WORK ORDER -> Your answer should be an exact copy of the listing.

═════ THE DATA ═════

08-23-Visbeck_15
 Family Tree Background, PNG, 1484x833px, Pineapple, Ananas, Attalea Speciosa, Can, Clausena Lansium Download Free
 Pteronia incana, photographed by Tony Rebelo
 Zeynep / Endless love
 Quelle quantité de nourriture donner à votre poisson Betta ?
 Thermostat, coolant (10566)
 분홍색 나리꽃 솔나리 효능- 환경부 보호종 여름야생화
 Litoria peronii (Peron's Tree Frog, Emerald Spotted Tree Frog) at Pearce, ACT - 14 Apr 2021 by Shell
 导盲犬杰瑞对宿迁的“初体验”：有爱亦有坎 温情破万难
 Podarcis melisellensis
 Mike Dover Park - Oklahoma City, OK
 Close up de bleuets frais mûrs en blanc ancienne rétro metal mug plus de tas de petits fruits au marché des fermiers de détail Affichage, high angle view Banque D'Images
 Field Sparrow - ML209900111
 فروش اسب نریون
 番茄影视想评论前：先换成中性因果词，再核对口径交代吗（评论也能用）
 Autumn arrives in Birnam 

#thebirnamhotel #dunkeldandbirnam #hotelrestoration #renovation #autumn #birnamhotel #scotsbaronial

═════

ANSWER TO THIS EXERCISE ->
08-23-Visbeck_15
 Family Tree Background, PNG, 1484x833px, Pineapple, Ananas, Attalea Speciosa, Can, Clausena Lansium Download Free
 Pteronia incana, photographed by Tony Rebelo
 Zeynep / Endless love
 Quelle quantité de nourriture donner à votre poisson Betta ?
 Thermostat, coolant (10566)
 분홍색 나리꽃 솔나리 효능- 환경부 보호종 여름야생화
 Litoria peronii (Peron's Tree Frog, Emerald Spotted Tree Frog) at Pearce, ACT - 14 Apr 2021 by Shell
 导盲犬杰瑞对宿迁的“初体验”：有爱亦有坎 温情破万难
 Podarcis melisellensis
 Mike Dover Park - Oklahoma City, OK
 Close up de bleuets frais mûrs en blanc ancienne rétro metal mug plus de tas de petits fruits au marché des fermiers de détail Affichage, high angle view Banque D'Images
 Field Sparrow - ML209900111
 فروش اسب نریون
 番茄影视想评论前：先换成中性因果词，再核对口径交代吗（评论也能用）
 Autumn arrives in Birnam 

#thebirnamhotel #dunkeldandbirnam #hotelrestoration #renovation #autumn #birnamhotel #scotsbaronial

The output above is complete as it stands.